= 129th IOC Session =

The 129th Session of the International Olympic Committee, was held in Rio de Janeiro, Brazil from August 1 to August 4, 2016, prior to the Games of the XXXI Olympiad, being held in Rio. Some key moments of the session included a keynote address from Professor Muhammad Yunus and the election of new sports for the 2020 Olympic program.

== The Election of New Sports for the 2020 Olympic Games ==

After the introduction of Olympic Agenda 2020 in 2014, the IOC granted Olympic host city organizing committees the ability to propose other sports in addition to the core olympic sports to be included in their respective Olympic Games. Several International Sports Federations campaigned to the Tokyo Organizing Committee to be included in the 2020 program; eventually the Tokyo OCOG made the decision to propose the inclusion of baseball/softball(as one sport, two disciplines), karate, skateboarding, sport climbing and surfing.
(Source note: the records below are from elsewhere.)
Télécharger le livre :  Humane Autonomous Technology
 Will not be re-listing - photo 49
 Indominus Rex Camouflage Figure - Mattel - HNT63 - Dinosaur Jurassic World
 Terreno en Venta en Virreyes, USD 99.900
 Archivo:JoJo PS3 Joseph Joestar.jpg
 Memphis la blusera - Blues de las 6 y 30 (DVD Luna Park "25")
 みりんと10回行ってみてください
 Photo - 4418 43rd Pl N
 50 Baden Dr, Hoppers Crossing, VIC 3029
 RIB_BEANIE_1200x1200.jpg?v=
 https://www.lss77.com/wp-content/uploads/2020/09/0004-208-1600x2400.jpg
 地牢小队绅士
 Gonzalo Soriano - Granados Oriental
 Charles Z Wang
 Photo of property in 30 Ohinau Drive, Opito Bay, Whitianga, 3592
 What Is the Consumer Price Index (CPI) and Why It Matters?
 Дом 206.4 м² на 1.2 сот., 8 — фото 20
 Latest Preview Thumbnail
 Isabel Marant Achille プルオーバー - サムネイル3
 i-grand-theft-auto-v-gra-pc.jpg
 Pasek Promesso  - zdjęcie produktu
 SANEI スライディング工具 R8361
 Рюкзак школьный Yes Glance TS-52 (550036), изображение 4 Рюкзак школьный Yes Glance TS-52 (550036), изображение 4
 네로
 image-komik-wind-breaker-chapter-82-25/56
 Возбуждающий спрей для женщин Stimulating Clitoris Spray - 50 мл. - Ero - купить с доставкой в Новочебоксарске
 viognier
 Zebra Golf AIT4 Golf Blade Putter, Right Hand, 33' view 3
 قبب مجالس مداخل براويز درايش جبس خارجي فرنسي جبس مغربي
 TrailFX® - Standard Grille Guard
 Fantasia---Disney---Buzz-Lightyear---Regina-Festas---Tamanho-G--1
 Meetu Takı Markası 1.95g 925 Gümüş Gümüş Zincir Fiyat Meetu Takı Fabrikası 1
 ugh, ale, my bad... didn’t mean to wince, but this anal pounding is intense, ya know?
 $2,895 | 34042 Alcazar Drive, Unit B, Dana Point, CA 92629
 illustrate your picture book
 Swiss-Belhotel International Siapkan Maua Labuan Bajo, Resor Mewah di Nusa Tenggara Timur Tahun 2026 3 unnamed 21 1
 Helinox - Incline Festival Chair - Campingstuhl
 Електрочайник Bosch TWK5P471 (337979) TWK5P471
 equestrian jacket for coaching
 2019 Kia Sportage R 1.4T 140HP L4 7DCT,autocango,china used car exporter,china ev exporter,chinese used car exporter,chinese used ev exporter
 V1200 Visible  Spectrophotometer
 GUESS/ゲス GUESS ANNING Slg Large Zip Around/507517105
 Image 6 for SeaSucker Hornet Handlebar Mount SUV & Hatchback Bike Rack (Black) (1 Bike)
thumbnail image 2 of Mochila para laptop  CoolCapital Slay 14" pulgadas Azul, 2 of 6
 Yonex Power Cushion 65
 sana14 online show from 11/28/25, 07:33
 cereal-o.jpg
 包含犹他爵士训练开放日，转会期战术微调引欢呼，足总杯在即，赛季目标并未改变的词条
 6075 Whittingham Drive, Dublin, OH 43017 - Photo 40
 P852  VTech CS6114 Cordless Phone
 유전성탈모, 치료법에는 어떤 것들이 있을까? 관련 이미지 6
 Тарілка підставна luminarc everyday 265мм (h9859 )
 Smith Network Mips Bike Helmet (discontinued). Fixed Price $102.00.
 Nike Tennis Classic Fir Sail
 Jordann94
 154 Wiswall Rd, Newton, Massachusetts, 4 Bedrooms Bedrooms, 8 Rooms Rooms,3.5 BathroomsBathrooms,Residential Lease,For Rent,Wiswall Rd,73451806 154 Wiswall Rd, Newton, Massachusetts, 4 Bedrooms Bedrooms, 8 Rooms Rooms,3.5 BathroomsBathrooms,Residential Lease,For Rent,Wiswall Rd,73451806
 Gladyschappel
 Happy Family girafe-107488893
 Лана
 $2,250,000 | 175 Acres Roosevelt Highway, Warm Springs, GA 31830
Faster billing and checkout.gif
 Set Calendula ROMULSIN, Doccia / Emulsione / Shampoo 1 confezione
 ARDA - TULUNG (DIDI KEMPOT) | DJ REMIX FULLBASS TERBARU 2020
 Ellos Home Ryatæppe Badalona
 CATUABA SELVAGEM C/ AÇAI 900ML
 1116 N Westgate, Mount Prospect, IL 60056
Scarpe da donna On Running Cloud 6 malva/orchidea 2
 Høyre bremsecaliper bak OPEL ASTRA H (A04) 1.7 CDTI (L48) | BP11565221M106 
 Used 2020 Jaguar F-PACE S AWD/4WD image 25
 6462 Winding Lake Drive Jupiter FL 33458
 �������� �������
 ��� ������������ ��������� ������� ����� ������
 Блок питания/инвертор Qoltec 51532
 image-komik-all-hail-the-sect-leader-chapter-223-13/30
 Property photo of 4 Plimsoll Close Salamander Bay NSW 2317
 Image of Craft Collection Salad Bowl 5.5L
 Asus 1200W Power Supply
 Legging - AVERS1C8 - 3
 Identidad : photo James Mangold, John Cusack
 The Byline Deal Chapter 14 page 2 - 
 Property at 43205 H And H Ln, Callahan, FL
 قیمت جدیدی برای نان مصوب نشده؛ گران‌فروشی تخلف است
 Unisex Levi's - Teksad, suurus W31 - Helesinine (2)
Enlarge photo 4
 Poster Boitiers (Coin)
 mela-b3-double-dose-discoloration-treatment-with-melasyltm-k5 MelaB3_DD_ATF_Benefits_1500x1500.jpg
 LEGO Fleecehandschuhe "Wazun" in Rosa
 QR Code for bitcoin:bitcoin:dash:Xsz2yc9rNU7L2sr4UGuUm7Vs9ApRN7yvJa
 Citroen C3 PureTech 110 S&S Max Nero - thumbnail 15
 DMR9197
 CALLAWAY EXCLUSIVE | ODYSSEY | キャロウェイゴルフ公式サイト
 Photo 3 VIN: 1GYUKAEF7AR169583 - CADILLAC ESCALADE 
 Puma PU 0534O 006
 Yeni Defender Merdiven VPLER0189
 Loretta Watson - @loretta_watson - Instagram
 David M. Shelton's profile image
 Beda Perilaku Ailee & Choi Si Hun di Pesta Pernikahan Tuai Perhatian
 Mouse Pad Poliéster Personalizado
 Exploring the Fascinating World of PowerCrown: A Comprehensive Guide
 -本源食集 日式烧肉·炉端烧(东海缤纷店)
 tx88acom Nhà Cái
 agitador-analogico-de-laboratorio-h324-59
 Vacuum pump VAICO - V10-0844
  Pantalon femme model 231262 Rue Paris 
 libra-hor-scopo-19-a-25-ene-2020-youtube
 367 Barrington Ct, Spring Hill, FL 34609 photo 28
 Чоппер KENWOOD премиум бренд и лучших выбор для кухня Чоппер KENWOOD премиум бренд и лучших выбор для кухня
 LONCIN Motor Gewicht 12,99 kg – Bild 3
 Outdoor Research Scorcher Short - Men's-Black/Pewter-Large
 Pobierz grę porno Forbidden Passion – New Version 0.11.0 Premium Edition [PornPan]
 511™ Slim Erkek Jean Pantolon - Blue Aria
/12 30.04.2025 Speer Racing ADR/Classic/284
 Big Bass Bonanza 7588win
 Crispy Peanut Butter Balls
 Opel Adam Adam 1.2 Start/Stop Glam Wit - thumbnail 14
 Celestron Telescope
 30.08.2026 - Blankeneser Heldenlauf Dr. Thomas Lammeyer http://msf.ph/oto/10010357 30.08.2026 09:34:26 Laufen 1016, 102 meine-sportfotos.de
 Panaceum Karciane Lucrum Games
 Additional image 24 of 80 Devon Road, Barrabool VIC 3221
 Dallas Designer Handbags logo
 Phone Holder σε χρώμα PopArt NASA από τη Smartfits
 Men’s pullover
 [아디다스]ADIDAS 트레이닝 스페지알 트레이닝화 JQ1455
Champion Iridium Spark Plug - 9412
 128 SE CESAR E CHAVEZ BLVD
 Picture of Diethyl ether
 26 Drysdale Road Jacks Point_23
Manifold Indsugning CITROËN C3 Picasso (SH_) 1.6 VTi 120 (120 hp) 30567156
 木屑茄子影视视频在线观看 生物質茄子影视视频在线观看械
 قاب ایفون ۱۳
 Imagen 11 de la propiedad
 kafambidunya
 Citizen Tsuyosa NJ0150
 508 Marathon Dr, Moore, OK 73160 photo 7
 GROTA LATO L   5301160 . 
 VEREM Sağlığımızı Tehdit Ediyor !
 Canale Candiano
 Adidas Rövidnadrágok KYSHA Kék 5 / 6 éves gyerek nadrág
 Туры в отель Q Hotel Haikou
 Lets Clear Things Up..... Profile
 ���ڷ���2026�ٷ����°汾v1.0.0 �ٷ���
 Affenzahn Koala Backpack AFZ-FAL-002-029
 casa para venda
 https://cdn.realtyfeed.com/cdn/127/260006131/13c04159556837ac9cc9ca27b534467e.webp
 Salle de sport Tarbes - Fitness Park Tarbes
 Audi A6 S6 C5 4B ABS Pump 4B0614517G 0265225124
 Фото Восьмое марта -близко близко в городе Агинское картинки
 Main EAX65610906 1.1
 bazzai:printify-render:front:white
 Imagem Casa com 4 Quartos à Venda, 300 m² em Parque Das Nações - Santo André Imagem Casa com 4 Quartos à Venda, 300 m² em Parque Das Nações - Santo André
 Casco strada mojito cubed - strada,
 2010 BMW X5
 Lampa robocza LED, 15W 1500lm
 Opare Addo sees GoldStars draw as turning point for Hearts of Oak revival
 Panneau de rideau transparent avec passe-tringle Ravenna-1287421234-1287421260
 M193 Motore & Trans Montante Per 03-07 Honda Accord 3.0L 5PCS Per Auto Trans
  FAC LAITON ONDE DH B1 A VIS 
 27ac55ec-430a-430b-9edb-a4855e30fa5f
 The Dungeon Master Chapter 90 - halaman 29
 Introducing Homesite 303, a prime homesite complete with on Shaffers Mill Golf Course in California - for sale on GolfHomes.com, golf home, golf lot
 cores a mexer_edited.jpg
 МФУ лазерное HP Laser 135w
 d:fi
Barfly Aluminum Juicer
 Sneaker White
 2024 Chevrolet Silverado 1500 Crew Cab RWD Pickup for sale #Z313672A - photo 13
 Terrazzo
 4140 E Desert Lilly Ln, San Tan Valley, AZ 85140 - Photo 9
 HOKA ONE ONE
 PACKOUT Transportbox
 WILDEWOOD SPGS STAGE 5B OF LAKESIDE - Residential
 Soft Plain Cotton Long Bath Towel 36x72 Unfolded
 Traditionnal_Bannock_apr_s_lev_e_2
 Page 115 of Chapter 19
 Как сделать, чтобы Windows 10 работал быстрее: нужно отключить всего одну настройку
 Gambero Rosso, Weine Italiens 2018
The 2020 organizing committee presented the five sport package to the full International Olympic Committee at the IOC session in Rio on August 3, 2016.

Vote on the Five "New Sports" Proposed by the Tokyo OCOG for the Games of the XXXII Olympiad
| Sports | Votes |
| Baseball/Softball, Karate, Skateboarding, Sport Climbing and Surfing | Unanimous |

The IOC, unanimously approved the proposal of the inclusion of the five sports for a one-off appearance in the Tokyo Games.